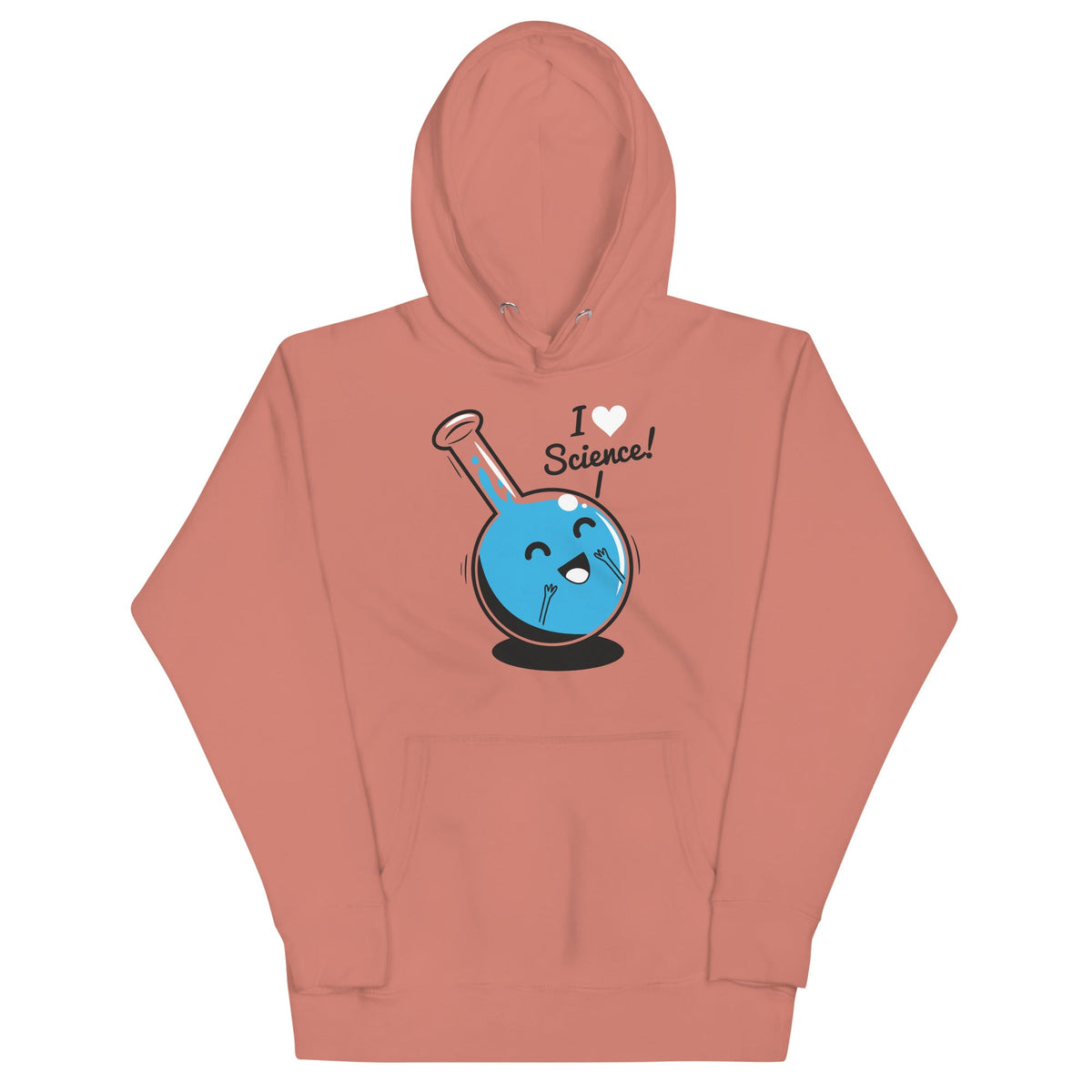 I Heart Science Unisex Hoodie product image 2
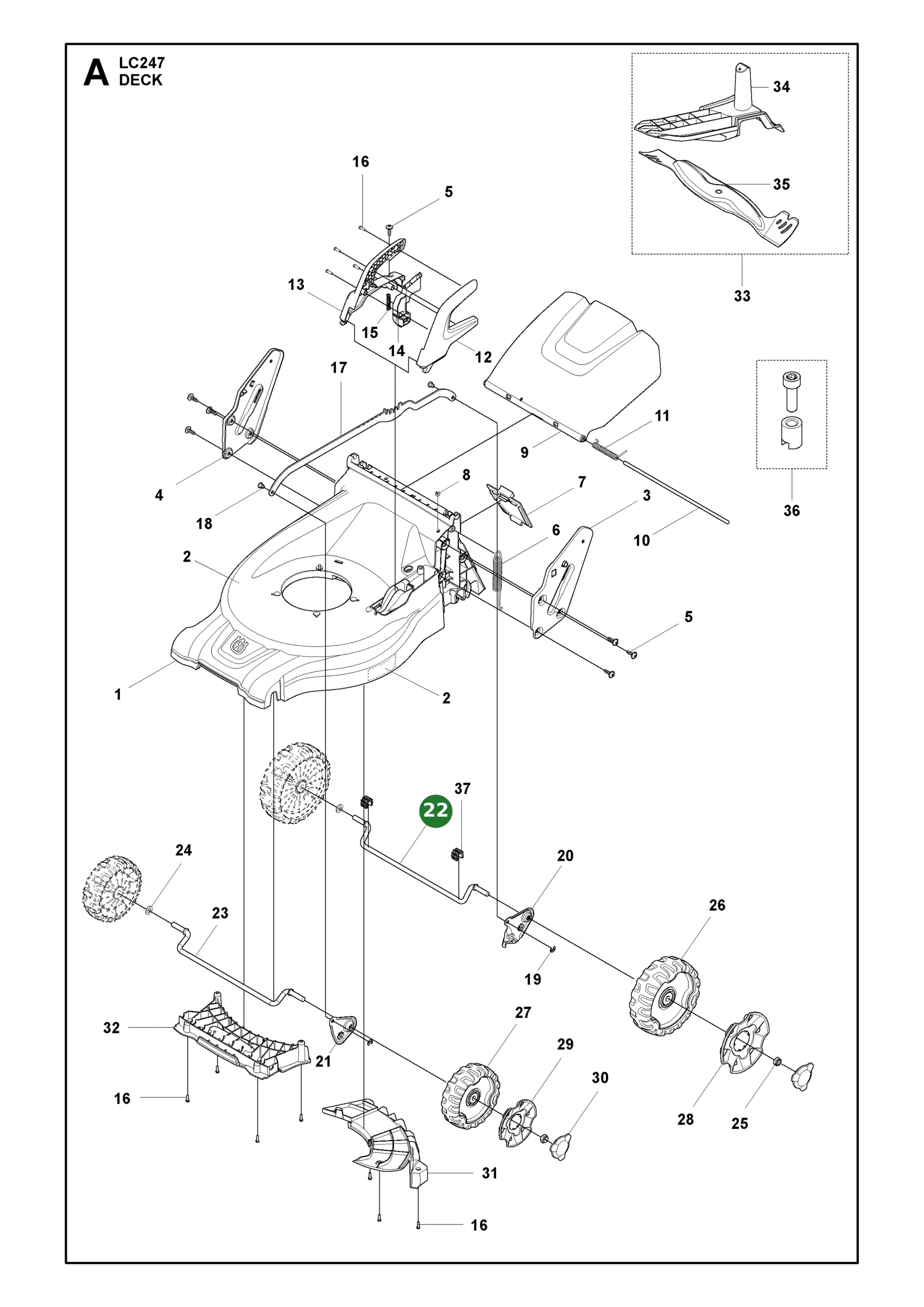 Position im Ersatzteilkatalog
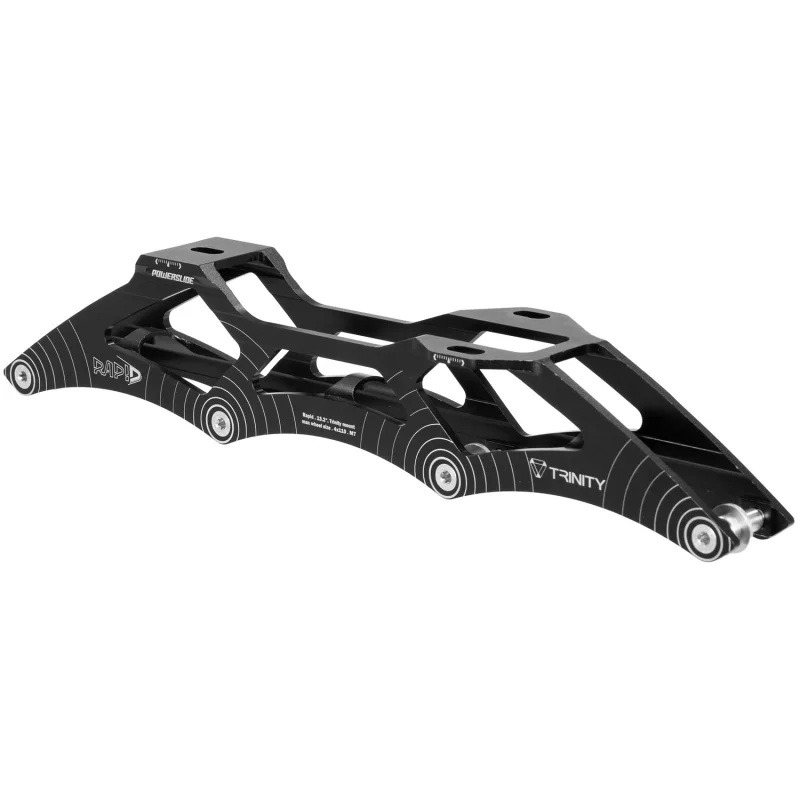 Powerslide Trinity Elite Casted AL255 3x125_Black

● **Problem statement**: Print out the complete listing above exactly, dropping each image.

● **Exercise answer**:
 I Heart Science Unisex Hoodie product image 2
 Position im Ersatzteilkatalog
 Powerslide Trinity Elite Casted AL255 3x125_Black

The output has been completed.